Rapidly rising cash flow from growing production and high commodity prices has led Houston-based Edge Petroleum Corp. to more than double its capital spending budget for the year. The company’s board of directors approved an increase in its 2003 capital spending budget to $35 million, compared to the original $15.3 million budgeted.

“We believe that our strong financial condition and growing cash flow have provided the foundation for a significant increase in our planned activity level and that this is an excellent time to take advantage of moderate service costs and strong commodity prices,” said CEO John Elias. “Our recently announced exploration joint venture in Southeast New Mexico adds significant potential, which we expect will begin to impact our production volumes and cash flow next year. I expect it will be a major contribution to our activity level in 2004.
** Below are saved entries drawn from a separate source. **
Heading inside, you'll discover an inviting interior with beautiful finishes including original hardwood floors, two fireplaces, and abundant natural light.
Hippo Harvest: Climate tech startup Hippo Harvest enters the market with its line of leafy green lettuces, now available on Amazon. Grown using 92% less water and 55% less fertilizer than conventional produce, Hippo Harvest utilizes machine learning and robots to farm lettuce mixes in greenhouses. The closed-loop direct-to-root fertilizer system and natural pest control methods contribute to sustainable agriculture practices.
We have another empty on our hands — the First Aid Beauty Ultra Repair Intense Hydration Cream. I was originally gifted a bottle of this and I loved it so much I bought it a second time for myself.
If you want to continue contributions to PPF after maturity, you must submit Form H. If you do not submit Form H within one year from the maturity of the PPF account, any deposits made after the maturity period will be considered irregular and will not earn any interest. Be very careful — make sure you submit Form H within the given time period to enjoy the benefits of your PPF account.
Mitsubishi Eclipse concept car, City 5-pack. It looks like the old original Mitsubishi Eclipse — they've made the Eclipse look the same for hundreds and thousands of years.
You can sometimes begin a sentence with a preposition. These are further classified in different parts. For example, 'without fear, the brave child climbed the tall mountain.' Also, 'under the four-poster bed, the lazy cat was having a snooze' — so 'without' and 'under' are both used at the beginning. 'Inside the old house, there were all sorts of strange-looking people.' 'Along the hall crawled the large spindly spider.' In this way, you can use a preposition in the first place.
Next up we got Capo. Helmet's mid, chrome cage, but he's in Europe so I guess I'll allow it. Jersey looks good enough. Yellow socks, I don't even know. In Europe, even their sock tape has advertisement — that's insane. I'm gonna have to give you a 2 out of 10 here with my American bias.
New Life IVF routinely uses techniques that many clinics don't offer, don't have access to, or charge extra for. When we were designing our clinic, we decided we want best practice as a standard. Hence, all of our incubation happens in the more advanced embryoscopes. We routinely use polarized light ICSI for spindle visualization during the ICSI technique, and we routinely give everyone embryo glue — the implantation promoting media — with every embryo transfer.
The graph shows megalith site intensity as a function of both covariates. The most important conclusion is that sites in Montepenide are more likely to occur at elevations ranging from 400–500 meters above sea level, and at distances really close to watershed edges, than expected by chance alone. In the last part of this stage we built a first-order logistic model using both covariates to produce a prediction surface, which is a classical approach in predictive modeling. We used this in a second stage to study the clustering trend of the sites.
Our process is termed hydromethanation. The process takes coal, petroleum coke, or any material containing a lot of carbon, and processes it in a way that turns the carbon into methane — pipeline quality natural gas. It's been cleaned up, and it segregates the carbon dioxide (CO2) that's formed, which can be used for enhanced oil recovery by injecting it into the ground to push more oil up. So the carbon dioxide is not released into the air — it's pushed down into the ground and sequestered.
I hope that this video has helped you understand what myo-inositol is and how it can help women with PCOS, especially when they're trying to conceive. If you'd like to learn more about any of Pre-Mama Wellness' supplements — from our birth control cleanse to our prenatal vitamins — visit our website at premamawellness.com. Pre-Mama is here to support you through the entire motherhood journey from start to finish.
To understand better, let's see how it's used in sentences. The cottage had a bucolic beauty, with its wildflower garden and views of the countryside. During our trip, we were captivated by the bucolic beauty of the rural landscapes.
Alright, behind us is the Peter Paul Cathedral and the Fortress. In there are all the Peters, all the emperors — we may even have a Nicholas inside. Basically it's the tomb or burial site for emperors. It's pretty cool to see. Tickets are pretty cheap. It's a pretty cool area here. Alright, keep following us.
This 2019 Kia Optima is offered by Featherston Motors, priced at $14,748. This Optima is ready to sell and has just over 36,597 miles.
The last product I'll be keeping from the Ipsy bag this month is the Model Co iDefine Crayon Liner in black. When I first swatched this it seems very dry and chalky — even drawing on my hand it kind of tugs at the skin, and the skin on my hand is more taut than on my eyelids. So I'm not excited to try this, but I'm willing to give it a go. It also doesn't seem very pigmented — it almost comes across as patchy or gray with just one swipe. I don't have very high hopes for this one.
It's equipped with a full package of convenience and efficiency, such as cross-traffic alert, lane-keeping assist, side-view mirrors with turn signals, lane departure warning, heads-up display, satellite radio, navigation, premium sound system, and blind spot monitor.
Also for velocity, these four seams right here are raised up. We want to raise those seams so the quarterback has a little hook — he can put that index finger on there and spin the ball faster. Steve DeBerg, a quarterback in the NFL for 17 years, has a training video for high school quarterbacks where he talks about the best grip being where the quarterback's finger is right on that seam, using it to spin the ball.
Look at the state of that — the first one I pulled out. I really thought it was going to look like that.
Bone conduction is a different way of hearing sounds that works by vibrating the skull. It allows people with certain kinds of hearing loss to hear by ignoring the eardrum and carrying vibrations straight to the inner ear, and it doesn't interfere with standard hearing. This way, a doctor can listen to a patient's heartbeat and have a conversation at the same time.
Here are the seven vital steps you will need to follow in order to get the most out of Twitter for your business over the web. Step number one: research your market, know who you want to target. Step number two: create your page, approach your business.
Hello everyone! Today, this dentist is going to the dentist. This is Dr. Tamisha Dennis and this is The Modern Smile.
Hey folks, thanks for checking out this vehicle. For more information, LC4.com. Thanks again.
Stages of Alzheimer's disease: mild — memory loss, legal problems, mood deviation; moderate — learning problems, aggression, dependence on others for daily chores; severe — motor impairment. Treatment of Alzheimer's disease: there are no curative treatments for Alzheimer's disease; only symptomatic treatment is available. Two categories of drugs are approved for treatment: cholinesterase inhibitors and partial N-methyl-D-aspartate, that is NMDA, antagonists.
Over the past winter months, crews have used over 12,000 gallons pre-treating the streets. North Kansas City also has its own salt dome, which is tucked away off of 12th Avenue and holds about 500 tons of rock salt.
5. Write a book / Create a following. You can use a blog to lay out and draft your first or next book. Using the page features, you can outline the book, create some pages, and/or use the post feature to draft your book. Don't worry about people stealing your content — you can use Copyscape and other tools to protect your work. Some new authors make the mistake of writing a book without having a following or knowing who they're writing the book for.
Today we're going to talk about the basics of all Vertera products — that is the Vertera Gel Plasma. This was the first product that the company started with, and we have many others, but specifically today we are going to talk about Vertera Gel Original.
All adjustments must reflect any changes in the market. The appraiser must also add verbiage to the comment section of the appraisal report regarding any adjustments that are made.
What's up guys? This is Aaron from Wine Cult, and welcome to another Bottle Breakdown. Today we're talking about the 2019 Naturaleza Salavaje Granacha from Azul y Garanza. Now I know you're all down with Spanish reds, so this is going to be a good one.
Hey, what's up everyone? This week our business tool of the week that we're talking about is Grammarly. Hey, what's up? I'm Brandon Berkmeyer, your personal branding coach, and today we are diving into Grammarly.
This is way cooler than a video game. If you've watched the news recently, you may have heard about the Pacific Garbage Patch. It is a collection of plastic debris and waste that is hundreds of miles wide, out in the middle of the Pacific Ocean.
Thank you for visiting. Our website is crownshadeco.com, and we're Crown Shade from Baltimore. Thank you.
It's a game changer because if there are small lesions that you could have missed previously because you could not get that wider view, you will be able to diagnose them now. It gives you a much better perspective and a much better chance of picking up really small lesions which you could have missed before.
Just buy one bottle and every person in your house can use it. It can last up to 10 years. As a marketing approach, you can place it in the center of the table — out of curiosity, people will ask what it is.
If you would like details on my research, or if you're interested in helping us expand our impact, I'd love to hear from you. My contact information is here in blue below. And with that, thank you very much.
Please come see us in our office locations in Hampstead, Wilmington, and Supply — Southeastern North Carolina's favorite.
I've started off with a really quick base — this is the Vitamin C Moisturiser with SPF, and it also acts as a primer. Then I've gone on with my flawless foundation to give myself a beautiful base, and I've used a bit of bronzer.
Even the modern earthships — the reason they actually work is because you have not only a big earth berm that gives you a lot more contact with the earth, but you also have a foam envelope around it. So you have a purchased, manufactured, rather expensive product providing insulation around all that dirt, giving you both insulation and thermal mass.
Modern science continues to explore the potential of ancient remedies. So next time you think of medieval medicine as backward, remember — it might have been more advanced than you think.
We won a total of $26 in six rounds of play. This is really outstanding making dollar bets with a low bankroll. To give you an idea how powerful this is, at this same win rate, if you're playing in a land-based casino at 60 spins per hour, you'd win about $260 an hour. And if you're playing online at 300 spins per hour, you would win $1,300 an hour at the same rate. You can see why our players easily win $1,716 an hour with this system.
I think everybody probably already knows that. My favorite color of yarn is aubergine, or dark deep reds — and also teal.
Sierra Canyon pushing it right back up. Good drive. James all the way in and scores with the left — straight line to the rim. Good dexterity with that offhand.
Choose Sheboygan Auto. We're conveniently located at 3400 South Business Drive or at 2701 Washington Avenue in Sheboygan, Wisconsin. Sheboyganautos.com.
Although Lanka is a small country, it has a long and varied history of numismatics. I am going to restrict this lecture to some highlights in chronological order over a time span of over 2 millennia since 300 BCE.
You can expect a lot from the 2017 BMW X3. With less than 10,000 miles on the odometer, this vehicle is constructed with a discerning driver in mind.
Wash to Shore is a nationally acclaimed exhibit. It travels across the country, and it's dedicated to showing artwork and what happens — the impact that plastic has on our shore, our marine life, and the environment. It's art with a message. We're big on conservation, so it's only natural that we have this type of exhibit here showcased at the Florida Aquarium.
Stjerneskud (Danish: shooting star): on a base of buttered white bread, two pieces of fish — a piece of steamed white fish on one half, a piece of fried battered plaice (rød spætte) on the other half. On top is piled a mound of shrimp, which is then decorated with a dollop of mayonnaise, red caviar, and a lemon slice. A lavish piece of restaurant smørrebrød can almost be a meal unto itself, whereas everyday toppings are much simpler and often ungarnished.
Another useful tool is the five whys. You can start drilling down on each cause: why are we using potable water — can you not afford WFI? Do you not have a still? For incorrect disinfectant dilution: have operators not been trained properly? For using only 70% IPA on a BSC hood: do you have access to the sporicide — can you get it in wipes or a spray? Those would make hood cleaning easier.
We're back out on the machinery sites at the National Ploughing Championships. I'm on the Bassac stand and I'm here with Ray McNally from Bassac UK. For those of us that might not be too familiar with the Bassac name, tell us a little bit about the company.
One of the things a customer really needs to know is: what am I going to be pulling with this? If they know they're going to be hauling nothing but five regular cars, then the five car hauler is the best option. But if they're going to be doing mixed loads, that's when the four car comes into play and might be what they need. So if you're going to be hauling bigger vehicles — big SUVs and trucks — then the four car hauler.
“The increased activity as a result of our growing capital budget and the expected closing of our planned acquisitions is expected to impact our production volumes late in 2003,” he added.

The company said that $10.8 million of the spending will go to previously announced acquisitions and joint exploration ventures. The $9 million balance will go to an increase in the drilling budget.

Since the end of the second quarter, Edge has participated in the drilling of six wells, all successful, which brings the year to date total to 23 wells with a success rate of 87%.

Earlier in the week, Edge expanded its focus with an agreement to explore an area of southeastern New Mexico’s Permian Basin with partners Pure Energy Group and Chisos Ltd (see Daily GPI, Sept. 3). The area of mutual interest agreement covers all of Eddy and Lea counties, as well as a portion of southern Chaves County, where Pure and Chisos own 47,000 gross (27,000 net) acres.

“As previously reported, we continue to project 2003 quarter over quarter production growth in excess of 15%. The real impact of our expanded 2003 program will be felt in 2004 where we now expect a year over year production increase in excess of 20%, before the impact of what we hope to be a significant drilling program in 2004.”

Regarding the company’s hedging position for 2004, Elias said, “Looking forward into 2004 we expect to continue our capital spending and activity growth. Based upon our expectations for production and cash flow in 2004, management and the board of directors felt it would be prudent to initiate a hedging program for 2004.”

For 2004, Edge has hedges set in place for 10,000 MMBtu/d with a price floor quoted at the Houston Ship Channel of $4.50 and price caps of $6-7.